Die Naturphilosophie wurde von den Zeitgenossen (u. a. Goethe, Novalis, Arnim, Ritter, Steffens, Görres, Eschenmayer) intensiv rezipiert; sie gibt einem sich seit dem Ende des 18. Jh. verändernden Verständnis der Natur als eines lebendigen und umfassenden Ganzen einen genauen und prinzipiell fundierten Ausdruck. Die positivistische Kritik des 19. Jh. an der »romantischen Naturphilosophie« (u. a. Liebig, Dubois-Reymond) nimmt die neuere Wissenschaftsgeschichte weitgehend zurück, indem sie Kontinuitäten zwischen den naturphilosophischen Konstruktionen und der naturwissenschaftlichen Erkenntnis sieht sowie die Natur unter dem Gesichtspunkt von Leben und Selbstorganisation neu zur Sprache bringt.

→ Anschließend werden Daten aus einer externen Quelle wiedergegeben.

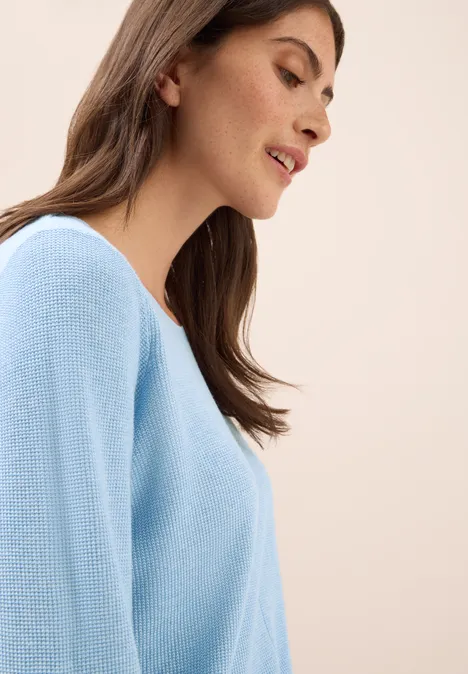 Rundhals Strickpullover whisper blue melange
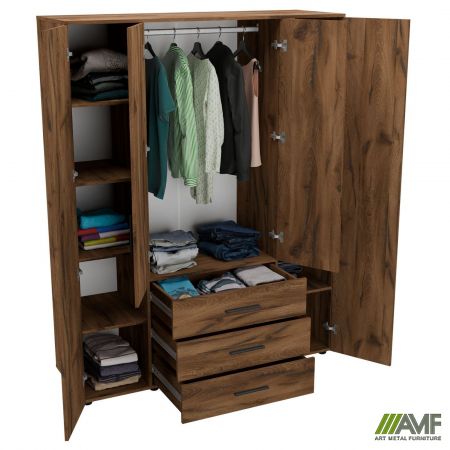 Фото 5 - Шкаф гардеробный City 4-х дверный 3 ящика (1500х500х1930Н) Дуб Ливорно 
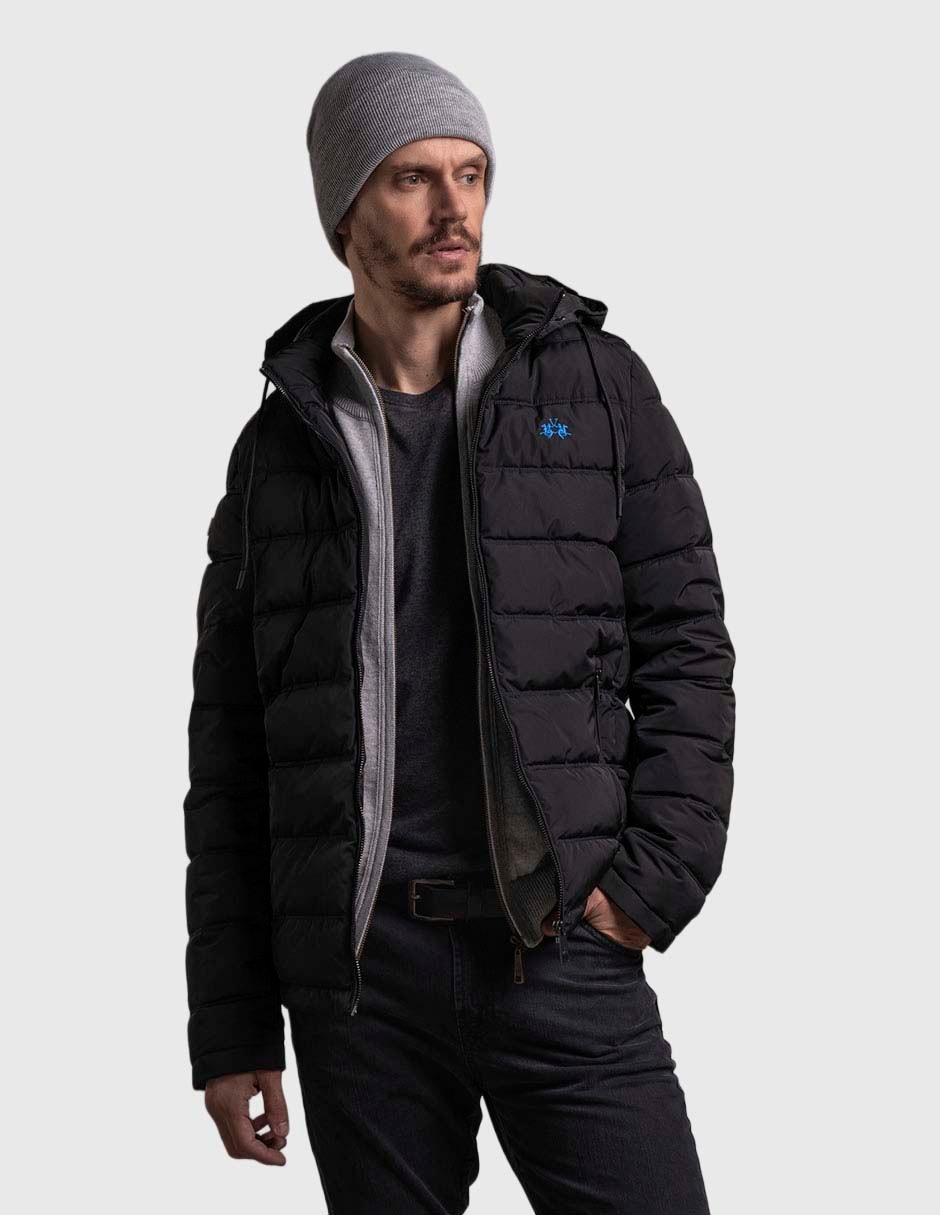 Chamarra acolchada con capucha y bolsas para hombre Chamarra acolchada con capucha y bolsas para hombre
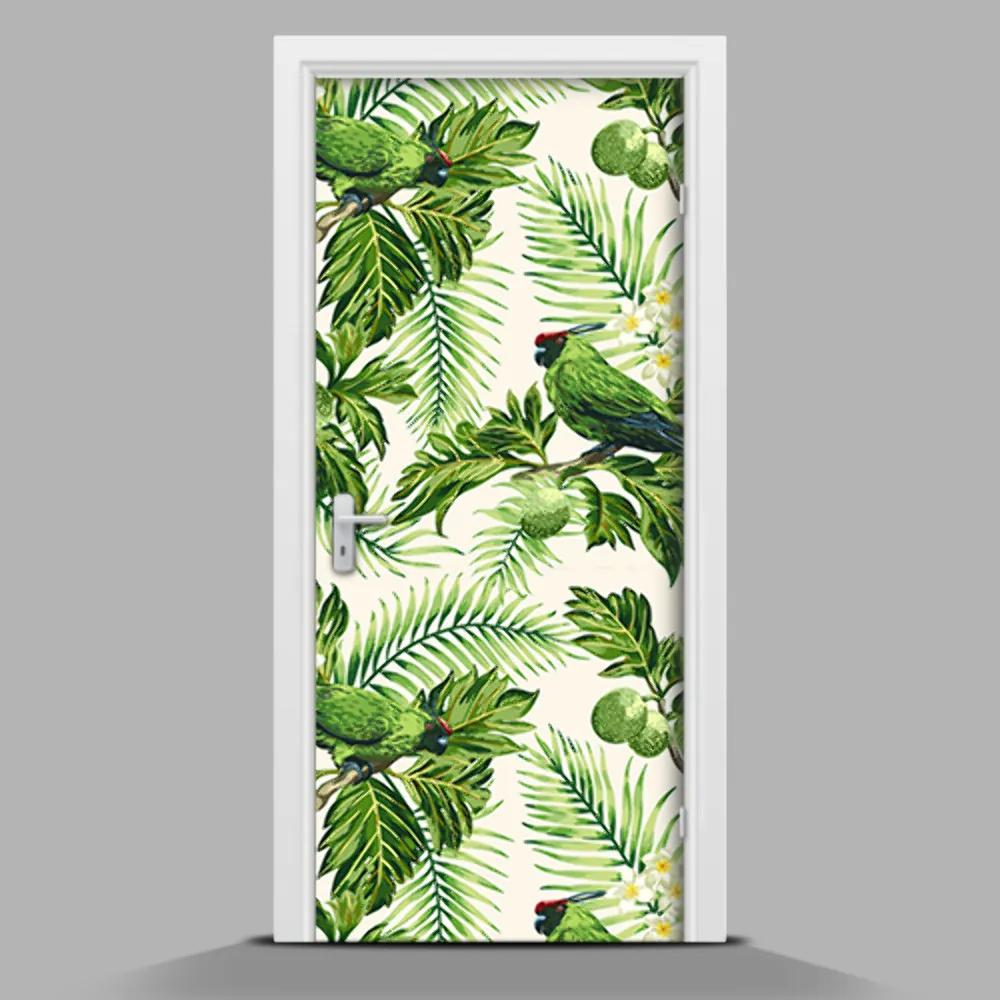 Nálepka na dvere Tropické kvety wallmur-pl-f-104135257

Die auf die frühe Phase systematischer Entwürfe seit 1801 folgende Hinwendung S.s zu einer Identitätsphilosophie ist bestimmt durch die Frage nach dem Grund der Existenz des bewussten Ich einerseits und nach dem Grund der Existenz des unbewussten Ich, d. h. der Materie, andererseits. 1801 vertiefte S. in »Darstellung meines Systems der Philosophie« seinen Ansatz, indem er eine absolute Identität vor aller Unterscheidung von Subjekt und Objekt setzt und die Philosophie als Wissenschaft des Absoluten versteht, deren reale Entsprechung die Kunst als dessen Darstellung ist. In »Philosophie und Religion« (1804) griff er auf eine theosophisch-gnostische Sprache zurück, um die Abkunft des Endlichen, d. h. der Existenz darzustellen. Das Absolute, Göttliche erkennt sich in einem ursprünglichen Akt; es erzeugt sich als Gegenbild, das nun auch selbst sein will und abfällt in eine endliche Existenz, in der es zu einem leidenden Gott wird.
Die »Freiheitsschrift« (Phil. Unterss. über d. Wesen d. menschl. Freiheit, 1809) leitete eine neue Phase seiner »Freiheitsphilosophie« ein. Sie ist als Antwort auf Hegels »Phänomenologie des Geistes« (1807) zu lesen und dürfte – neben dem »System« von 1800 – S.s wirkmächtigste Schrift sein; sie überführt die Transzendentalphilosophie in eine nachidealistische, anthropologisch orientierte Philosophie. Später verfolgte S. den hierin gefassten Gedanken in dem großen Projekt »Die Weltalter« (1811-15) weiter, das aber Torso blieb.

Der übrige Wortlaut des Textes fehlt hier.